Cavitation dynamics and thermodynamic effect of R134a refrigerant in a Venturi tube

Cavitation plays a crucial role in the reliability of components in refrigeration systems. The properties of refrigerants change significantly with temperature, thereby amplifying the impact of thermodynamic effects. This study, based on the Large Eddy Simulation (LES) method and the Schnerr-Sauer (S-S) cavitation model, investigates the transient cavitating flow characteristics of the R134a refrigerant in a Venturi tube (VT). The bubble number density in the S-S model was improved based on the experimental data of pressure and temperature. Simulation results indicate that there are two shedding modes of cavitation clouds in R134a refrigerant. One is induced by the combined action of reentrant flow and the vortices centrifugal force, while the other is generated by the central jet of the mainstream and the reverse jet produced by the collapsing cavitation bubbles.

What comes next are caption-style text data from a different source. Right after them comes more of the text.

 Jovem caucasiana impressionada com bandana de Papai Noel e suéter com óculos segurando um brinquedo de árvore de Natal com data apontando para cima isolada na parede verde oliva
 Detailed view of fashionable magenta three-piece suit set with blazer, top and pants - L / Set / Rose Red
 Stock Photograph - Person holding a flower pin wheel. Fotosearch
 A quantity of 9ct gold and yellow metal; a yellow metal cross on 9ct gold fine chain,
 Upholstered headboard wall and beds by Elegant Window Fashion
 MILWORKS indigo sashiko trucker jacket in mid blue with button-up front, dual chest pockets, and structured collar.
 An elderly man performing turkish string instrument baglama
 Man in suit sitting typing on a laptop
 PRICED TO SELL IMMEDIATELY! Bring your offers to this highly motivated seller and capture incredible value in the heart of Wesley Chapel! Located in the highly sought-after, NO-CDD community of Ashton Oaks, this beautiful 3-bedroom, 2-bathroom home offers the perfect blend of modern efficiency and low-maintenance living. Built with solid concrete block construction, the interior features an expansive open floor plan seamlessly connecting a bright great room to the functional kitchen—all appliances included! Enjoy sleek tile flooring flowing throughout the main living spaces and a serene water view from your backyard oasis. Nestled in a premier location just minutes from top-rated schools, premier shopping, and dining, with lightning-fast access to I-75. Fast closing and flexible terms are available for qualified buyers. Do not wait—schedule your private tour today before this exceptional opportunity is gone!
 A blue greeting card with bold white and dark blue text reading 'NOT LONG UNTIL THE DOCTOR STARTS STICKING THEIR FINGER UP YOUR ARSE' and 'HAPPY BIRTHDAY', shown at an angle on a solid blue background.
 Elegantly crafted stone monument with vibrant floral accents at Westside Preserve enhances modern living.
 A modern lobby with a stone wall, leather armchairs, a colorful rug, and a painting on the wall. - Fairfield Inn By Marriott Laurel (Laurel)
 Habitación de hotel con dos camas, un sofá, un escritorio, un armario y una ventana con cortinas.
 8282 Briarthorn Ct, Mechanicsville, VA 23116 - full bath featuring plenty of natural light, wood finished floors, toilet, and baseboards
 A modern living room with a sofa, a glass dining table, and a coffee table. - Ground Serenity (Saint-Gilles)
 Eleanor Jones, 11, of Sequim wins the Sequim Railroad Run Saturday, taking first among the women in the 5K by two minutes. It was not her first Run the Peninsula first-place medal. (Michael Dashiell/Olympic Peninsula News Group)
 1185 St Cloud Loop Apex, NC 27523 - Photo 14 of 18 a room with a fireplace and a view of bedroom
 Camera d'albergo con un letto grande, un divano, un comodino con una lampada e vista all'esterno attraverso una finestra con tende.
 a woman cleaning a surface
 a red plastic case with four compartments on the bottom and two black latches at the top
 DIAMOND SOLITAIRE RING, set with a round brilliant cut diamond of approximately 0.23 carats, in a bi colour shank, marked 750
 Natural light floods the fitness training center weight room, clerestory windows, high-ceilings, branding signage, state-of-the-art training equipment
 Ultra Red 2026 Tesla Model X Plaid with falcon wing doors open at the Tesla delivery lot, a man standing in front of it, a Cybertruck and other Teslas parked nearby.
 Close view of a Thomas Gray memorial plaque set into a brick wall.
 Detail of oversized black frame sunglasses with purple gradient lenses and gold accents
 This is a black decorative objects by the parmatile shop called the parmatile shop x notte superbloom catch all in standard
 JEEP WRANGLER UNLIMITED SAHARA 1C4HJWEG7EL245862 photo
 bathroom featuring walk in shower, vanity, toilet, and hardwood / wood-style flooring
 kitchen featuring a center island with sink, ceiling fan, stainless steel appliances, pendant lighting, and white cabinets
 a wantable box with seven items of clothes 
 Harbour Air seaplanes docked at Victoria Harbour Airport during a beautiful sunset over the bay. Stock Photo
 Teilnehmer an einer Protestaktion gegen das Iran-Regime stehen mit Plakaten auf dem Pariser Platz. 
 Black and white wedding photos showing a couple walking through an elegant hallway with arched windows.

Furthermore, the thermodynamic effects of the refrigerant exert a certain inhibitory effect on cavitation, revealing the causes of instability in the refrigerant cavitation interface and the shedding characteristics of cavitation clouds. The relationship between local sound speed, flow velocity, and heat conduction rate in the cavitation region was studied, unveiling a time-lag in temperature changes relative to pressure changes in the intensive cavitation region. This study provides insights into the complex cavitation dynamics, especially in R134a refrigerant systems, and provides an approach for accurately predicting and managing cavitation in various industrial applications.